SET(CMAKE_SKIP_BUILD_RPATH FALSE)
SET(CMAKE_BUILD_WITH_INSTALL_RPATH FALSE)
SET(CMAKE_INSTALL_RPATH "${CMAKE_INSTALL_PREFIX}/lib64")
SET(CMAKE_INSTALL_RPATH_USE_LINK_PATH TRUE)
SET(CMAKE_INSTALL_RPATH "${CMAKE_INSTALL_PREFIX}/lib64")
set(LD_LIBRARY_PATH ${LD_LIBRARY_PATH}:${Matlab_ROOT_DIR}/extern/bin/glnxa64:${Matlab_ROOT_DIR}/sys/os/glnxa64)
include_directories(${Matlab_ROOT_DIR}/extern/include/)

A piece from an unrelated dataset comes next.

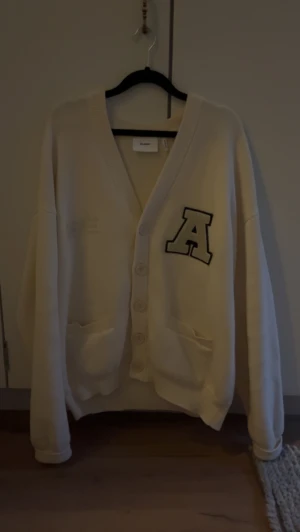 Arigato Cardigan - Tja! Säljer nu denna Arigato Cardigan.  Nypris: 1700kr Kom privat! Priset kan absolut diskuteras vid snabb affär👍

link_directories(${Matlab_ROOT_DIR}/extern/bin/glnxa64)
else ()
message(STATUS "MATLAB NOT FOUND")
endif ()
add_executable(
data_processor
src/data_processor.cpp
src/processor.cpp
src/headers/processor.h
src/python_processor.cpp
src/matlab_processor.cpp
src/compiled_matlab_processor.cpp
src/matlab_processor_interface.cpp
src/headers/matlab_processor.h
src/headers/python_processor.h
src/headers/compiled_matlab_processor.h
src/headers/scheduling_utils.h
src/headers/scheduling_utils.cpp
src/headers/matlab_processor_interface.h
src/headers/fpga_event.h
src/headers/data_processor.h
src/headers/matlab_helpers.h
src/matlab_helpers.cpp)
target_include_directories(data_processor
PUBLIC
$<BUILD_INTERFACE:${CMAKE_CURRENT_SOURCE_DIR}/lib>
$<INSTALL_INTERFACE:lib>)
ament_target_dependencies(data_processor rclcpp std_msgs mtms_interfaces fpga_interfaces)
if (Matlab_FOUND)
# MATLAB, Linker to libMatlabEngine in link_directories
target_link_libraries(data_processor MatlabDataArray)
target_link_libraries(data_processor MatlabEngine)
endif ()
# Python
find_package(PythonLibs)
if (PYTHONLIBS_FOUND)
message(STATUS "Python found")
include_directories(${PYTHON_INCLUDE_DIRS})
target_link_libraries(data_processor ${PYTHON_LIBRARIES})
else ()
message(STATUS "Python not found")
endif ()
install(TARGETS
data_processor
DESTINATION lib/${PROJECT_NAME}
)
install(
DIRECTORY launch
DESTINATION share/${PROJECT_NAME}
)
if (BUILD_TESTING)
find_package(ament_lint_auto REQUIRED)
ament_lint_auto_find_test_dependencies()
endif ()
ament_package()
I simply use colcon build --packages-select <ros package> --cmake-args -DCMAKE_BUILD_TYPE=Release
to build the project. The compiler used is GNU 9.4.0.